- Problem to work on: In the records below, find the line that contains "WVGBV7AX3HK049266 2017 VOLKSWAGEN" and the line that contains "Replica Chr1st1an D10r Earring", then retype exactly those two lines and every line between them.

Short web captions:
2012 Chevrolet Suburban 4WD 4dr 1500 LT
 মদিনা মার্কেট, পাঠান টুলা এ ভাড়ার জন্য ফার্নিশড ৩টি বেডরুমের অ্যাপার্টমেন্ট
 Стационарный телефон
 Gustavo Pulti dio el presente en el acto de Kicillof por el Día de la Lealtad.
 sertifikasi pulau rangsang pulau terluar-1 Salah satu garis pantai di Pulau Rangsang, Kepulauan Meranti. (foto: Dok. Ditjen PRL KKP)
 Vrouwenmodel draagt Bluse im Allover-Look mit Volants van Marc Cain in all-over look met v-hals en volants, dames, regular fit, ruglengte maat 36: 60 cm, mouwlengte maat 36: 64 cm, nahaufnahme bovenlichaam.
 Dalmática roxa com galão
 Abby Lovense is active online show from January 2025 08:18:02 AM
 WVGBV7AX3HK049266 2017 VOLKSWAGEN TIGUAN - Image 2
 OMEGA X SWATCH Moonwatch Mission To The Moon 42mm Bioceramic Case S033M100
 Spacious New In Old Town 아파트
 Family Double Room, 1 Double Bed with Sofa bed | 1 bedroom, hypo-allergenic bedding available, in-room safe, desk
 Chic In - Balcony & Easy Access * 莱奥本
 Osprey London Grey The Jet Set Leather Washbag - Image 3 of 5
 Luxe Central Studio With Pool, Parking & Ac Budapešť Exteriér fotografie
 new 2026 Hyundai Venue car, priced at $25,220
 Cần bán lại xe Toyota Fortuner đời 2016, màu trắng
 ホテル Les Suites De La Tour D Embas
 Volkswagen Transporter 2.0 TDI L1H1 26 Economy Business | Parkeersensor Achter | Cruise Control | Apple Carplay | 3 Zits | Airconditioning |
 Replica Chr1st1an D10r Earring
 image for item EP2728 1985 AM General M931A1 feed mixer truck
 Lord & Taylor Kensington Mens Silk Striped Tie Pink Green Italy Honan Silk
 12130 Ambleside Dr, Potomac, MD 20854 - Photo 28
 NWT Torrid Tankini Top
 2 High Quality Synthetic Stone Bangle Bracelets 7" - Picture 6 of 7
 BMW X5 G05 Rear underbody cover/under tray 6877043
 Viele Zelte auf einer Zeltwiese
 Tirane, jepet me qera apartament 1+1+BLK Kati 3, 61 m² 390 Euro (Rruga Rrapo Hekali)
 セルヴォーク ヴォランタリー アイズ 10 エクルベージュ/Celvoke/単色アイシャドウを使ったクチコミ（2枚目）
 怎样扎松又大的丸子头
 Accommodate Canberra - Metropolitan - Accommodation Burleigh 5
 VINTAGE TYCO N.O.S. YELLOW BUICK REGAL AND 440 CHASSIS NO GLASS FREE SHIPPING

- Problem solution:
 WVGBV7AX3HK049266 2017 VOLKSWAGEN TIGUAN - Image 2
 OMEGA X SWATCH Moonwatch Mission To The Moon 42mm Bioceramic Case S033M100
 Spacious New In Old Town 아파트
 Family Double Room, 1 Double Bed with Sofa bed | 1 bedroom, hypo-allergenic bedding available, in-room safe, desk
 Chic In - Balcony & Easy Access * 莱奥本
 Osprey London Grey The Jet Set Leather Washbag - Image 3 of 5
 Luxe Central Studio With Pool, Parking & Ac Budapešť Exteriér fotografie
 new 2026 Hyundai Venue car, priced at $25,220
 Cần bán lại xe Toyota Fortuner đời 2016, màu trắng
 ホテル Les Suites De La Tour D Embas
 Volkswagen Transporter 2.0 TDI L1H1 26 Economy Business | Parkeersensor Achter | Cruise Control | Apple Carplay | 3 Zits | Airconditioning |
 Replica Chr1st1an D10r Earring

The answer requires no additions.